Rusty Pearson confident she's on track

Sally Pearson's gold medal in London may end up being her Olympic swansong. If that is the case, it was as fine a finish to an Olympic career as possible. (AFP PHOTO / GABRIEL BOUYS)
13th January, 2018

Her hurdling return was more bruising than she hoped it would be, but world champion Sally Pearson is confident she will be in peak form by April’s Commonwealth Games.

Pearson won the 100m hurdles at the Perth Track Classic on Saturday night with a time of 12.73.

The 31-year-old, who boasts a personal best of 12.28, was initially hoping for a time of 12.50 in her first race of the year.

But those plans went out the window when she clipped the first hurdle.

Pearson went on to hit two more hurdles, but still secured an easy victory.

The speedy Australian produced one of the most remarkable comeback stories in 2017 when she overcame two years of injuries to win the World Championships in London.

Pearson will have the chance to win her third straight Commonwealth Games gold when she competes on the Gold Coast in April.

The London 2012 Olympic gold medallist is confident she will be in peak shape by then, despite her rusty performance in Perth.

“Racing is so different to training,” Pearson said.


“As I can see (in my race on Saturday), I have a lot of work to do I guess in my technique to make sure the rust is definitely worn off by the Commonwealth Games.

“It’s looking good.
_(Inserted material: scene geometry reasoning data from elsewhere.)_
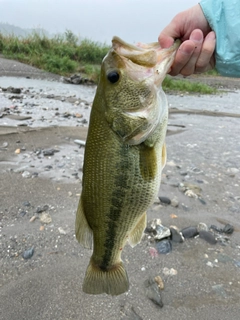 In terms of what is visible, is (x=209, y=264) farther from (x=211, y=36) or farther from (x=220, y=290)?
(x=211, y=36)

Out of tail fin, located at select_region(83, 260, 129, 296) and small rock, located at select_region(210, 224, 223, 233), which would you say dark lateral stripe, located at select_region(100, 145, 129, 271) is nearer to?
tail fin, located at select_region(83, 260, 129, 296)

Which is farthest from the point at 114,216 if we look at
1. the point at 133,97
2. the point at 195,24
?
the point at 195,24

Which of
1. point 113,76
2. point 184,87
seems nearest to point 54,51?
point 184,87

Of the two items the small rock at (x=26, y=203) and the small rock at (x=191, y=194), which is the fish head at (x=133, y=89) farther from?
the small rock at (x=191, y=194)

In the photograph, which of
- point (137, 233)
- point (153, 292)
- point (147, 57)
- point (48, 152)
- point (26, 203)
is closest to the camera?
point (147, 57)

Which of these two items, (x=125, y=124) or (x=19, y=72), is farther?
(x=19, y=72)

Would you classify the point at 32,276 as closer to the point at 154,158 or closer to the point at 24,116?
the point at 154,158

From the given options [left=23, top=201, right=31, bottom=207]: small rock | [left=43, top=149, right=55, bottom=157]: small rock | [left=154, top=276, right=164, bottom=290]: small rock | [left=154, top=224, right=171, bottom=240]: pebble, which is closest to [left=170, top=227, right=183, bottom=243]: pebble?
[left=154, top=224, right=171, bottom=240]: pebble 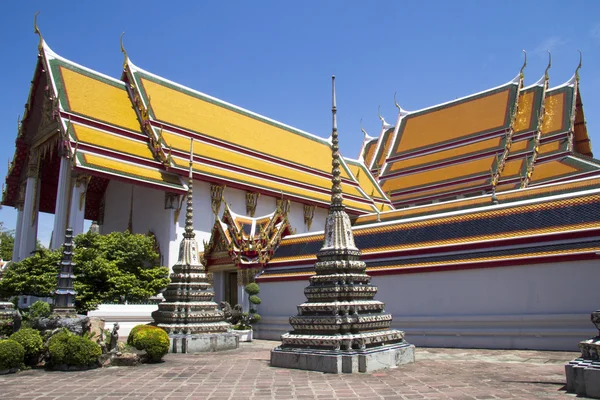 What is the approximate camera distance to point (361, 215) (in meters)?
23.6

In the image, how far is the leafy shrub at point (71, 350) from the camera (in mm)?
6746

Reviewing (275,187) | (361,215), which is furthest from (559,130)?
(275,187)

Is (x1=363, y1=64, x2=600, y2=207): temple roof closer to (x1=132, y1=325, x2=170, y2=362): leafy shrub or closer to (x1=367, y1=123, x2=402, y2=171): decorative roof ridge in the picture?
(x1=367, y1=123, x2=402, y2=171): decorative roof ridge

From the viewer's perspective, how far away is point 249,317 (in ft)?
42.1

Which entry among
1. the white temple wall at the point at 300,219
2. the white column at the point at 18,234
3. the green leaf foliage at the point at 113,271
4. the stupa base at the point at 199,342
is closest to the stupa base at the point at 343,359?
the stupa base at the point at 199,342

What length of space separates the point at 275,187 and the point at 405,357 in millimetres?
14328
It’s just under three months away.

“It doesn’t seem that far away, but that short amount of time, you can do so much work.

“For me, it’s about competing now. Getting my competition sharpness back. This is a faster start than what I came out with last year, so I’m happy.”
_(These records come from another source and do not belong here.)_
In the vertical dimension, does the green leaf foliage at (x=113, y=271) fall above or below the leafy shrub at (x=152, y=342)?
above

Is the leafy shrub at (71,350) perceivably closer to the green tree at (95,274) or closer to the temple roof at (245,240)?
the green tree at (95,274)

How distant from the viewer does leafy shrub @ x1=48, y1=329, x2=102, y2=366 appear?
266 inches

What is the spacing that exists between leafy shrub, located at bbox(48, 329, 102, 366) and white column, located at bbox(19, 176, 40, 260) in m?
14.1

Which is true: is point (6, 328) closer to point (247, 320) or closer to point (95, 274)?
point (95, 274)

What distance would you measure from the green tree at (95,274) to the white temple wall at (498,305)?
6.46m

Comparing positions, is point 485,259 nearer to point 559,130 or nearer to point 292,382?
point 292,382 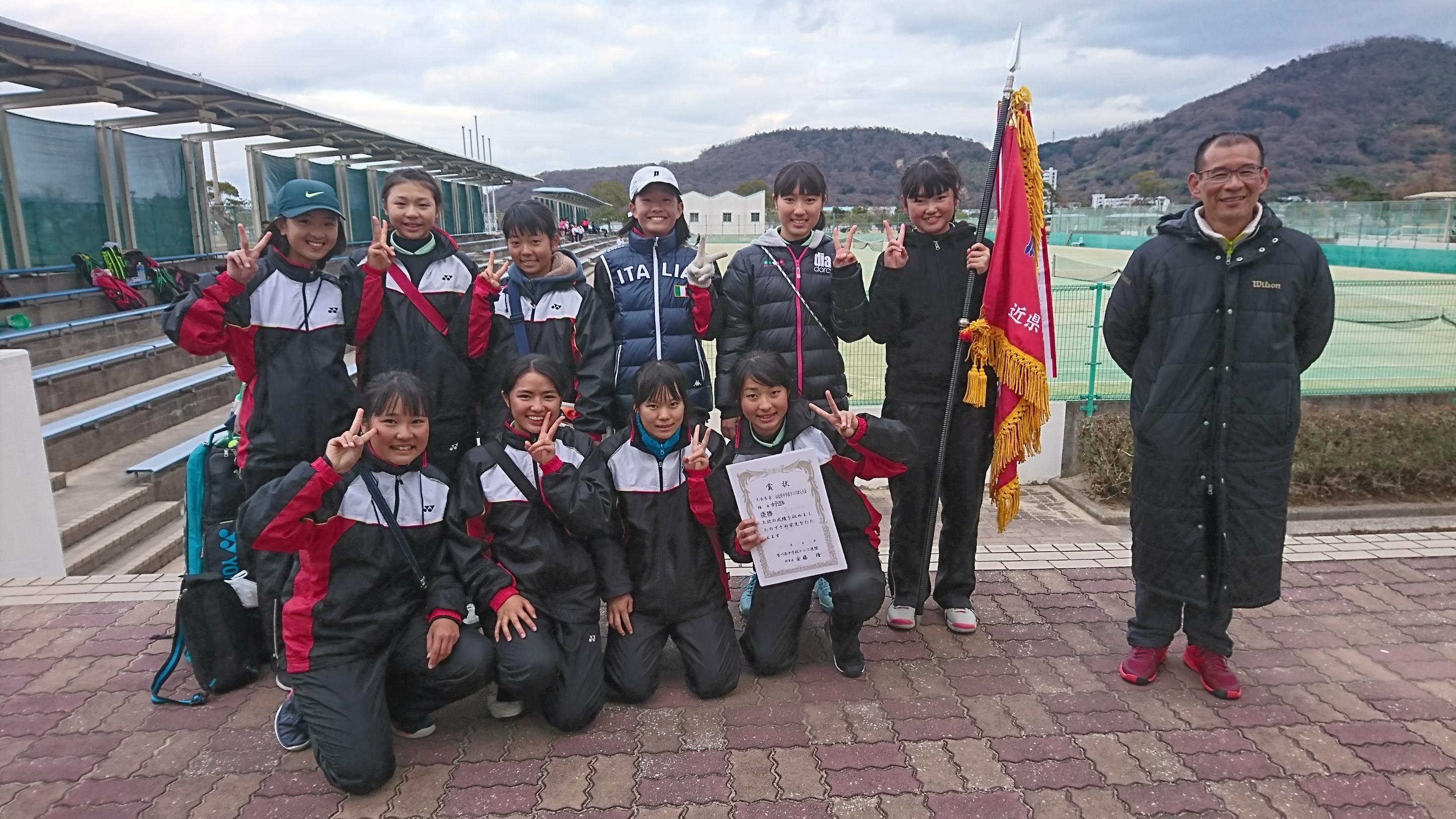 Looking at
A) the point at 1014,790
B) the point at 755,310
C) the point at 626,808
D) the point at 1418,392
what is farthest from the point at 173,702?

Pearson has set her sights on running close to her personal best at some point in 2018.

And if everything goes to plan, it could come at the Commonwealth Games.
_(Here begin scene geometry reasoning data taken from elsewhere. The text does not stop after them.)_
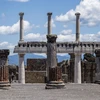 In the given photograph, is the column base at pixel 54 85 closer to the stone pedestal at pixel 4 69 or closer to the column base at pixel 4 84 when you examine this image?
the column base at pixel 4 84

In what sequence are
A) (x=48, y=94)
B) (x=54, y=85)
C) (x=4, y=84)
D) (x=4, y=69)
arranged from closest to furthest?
(x=48, y=94) < (x=54, y=85) < (x=4, y=84) < (x=4, y=69)

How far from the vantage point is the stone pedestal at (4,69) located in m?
26.1

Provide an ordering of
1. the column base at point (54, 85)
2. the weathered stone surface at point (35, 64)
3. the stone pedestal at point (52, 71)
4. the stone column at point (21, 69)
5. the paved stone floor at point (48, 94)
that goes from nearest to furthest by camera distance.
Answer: the paved stone floor at point (48, 94)
the column base at point (54, 85)
the stone pedestal at point (52, 71)
the stone column at point (21, 69)
the weathered stone surface at point (35, 64)

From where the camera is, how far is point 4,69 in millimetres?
26516

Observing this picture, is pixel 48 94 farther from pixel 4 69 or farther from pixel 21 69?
pixel 21 69

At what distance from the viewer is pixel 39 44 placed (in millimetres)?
43031

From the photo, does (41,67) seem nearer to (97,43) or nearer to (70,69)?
(70,69)

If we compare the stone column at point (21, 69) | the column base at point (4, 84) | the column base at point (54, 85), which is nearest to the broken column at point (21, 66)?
the stone column at point (21, 69)

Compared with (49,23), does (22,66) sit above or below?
below

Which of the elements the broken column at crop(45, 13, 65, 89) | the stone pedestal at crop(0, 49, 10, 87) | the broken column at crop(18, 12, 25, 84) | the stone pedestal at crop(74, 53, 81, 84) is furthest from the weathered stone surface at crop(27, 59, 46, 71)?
the broken column at crop(45, 13, 65, 89)

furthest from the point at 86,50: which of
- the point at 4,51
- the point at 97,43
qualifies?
the point at 4,51

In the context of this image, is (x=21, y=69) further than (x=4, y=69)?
Yes

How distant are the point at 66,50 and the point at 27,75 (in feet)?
14.6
“I guess being one of the favourites for the competition on the Gold Coast can be a bit more stressful,” Pearson said.

“But if I can just stay focused and do my usual thing, then it should be good.”


Tasmanian sprint star Jack Hale lit up the track on Saturday night with a sizzling 10.10 in the men’s 100m sprint.

Unfortunately for him, it was achieved with an illegal tail wind of 2.1, meaning it doesn’t count as an A-qualifier.

Nevertheless, Hale was happy with his performance, and has his sights set on producing more strong displays in the coming weeks.